I have been thinking about how to start writing on my blog again for a while. Most of 2025 it was unavailable because the hosting company I previously used was taken over and getting my files out was a nightmare. Then I got detained under the mental health act, for about two months between October and December.
Being sectioned, again, was an experience I don’t really know how to talk about yet. I’ve had many inpatient admissions in the last six years and a reasonable number of section detentions. You think you know how they are going to go. Consider yourself an old hand. Then something appears unexpectedly, and sideswipes whatever stability you had achieved out from underneath your feet.
So you end up in hospital. Again. Only this time it’s the longest inpatient admission you’ve had in over a decade and the first ever section 3 detention you’ve ever had. A section 3 is a frightening experience. It is being in hospital and held by law for a maximum of six months before it can be reviewed. Many autistic people end up on repeated section 3s because hospital doesn’t suit them. It makes them ill; the environment, the drugs, the constant scrutiny. So they/you/we always appear like were not recovering. Always unstable.
I was lucky that after I was moved to the enhanced psychiatric I had an understanding and compassionate responsible clinician who perceived the anguish I was suffering in hospital for myriad reasons and discharged me to home.
It has not been simple or easy since I came back from the other place again. There are still assessments to complete. Meetings and reviews to be held. Appointments to keep and support to arrange. I might write more about my hospital experience here, or I might not. There are things about it that I did, had to do, that I am not ready to share yet.
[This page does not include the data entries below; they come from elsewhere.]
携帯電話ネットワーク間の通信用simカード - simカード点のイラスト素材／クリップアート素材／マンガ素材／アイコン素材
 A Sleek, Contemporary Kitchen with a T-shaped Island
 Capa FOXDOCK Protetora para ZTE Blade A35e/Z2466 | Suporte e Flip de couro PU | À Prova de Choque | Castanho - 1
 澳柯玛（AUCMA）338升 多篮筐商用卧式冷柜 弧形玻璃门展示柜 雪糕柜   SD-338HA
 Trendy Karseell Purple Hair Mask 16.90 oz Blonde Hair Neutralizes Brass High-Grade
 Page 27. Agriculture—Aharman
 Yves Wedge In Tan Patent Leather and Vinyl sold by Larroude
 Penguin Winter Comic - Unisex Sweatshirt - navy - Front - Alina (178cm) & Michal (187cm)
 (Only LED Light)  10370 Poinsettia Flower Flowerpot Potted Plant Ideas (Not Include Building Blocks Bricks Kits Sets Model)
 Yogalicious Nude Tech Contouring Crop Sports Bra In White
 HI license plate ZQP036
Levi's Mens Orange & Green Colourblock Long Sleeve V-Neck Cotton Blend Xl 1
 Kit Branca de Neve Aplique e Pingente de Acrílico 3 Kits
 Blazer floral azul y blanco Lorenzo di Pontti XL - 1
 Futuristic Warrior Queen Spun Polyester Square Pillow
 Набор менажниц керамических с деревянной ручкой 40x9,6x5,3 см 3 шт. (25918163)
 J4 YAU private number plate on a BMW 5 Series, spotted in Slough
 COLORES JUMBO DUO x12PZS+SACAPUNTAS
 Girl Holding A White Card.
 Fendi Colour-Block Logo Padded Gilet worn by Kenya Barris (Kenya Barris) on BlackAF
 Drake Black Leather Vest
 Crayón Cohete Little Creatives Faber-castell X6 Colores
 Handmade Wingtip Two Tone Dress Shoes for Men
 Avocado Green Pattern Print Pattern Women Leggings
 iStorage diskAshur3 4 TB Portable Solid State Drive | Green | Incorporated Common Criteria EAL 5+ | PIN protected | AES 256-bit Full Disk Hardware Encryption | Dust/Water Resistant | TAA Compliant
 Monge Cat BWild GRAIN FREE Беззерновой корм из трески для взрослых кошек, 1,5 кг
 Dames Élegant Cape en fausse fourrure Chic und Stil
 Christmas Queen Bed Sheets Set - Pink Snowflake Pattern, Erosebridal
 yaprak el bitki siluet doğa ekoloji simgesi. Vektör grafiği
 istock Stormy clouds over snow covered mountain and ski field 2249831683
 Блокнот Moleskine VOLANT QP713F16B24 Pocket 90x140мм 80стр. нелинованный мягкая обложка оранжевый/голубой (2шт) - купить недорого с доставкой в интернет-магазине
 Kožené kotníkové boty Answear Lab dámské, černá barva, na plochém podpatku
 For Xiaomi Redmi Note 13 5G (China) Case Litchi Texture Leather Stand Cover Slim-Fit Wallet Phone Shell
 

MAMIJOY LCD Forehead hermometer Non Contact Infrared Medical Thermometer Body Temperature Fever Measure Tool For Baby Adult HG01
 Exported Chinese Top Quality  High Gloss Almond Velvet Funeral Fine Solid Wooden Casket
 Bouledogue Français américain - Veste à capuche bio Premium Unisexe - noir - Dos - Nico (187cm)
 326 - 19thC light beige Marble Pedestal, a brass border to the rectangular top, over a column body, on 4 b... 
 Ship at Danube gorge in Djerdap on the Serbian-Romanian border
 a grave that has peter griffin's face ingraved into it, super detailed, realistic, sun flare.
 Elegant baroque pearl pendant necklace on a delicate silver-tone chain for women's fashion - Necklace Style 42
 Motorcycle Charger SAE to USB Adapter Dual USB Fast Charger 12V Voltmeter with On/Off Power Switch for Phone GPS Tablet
I am spending time in nature, as much as I can. With my family, my partner and son, who I missed terribly when in hospital (you know when you have been away too long when you call returning to the ward “going home”). I am trying to write, but feel blocked. It has become a demand. Writing a blog post has become a performance. Reading my very earliest forays into blogging, it was refreshing to see how open and spontaneous they were. There was all manner of content on their pages, unencumbered by SEO scores and headline analysers. I just logged on and wrote. So this is what I am going to do now. Log on and write.
Hopefully some meaning and sense might emerge in the coming weeks and months. I could do with some.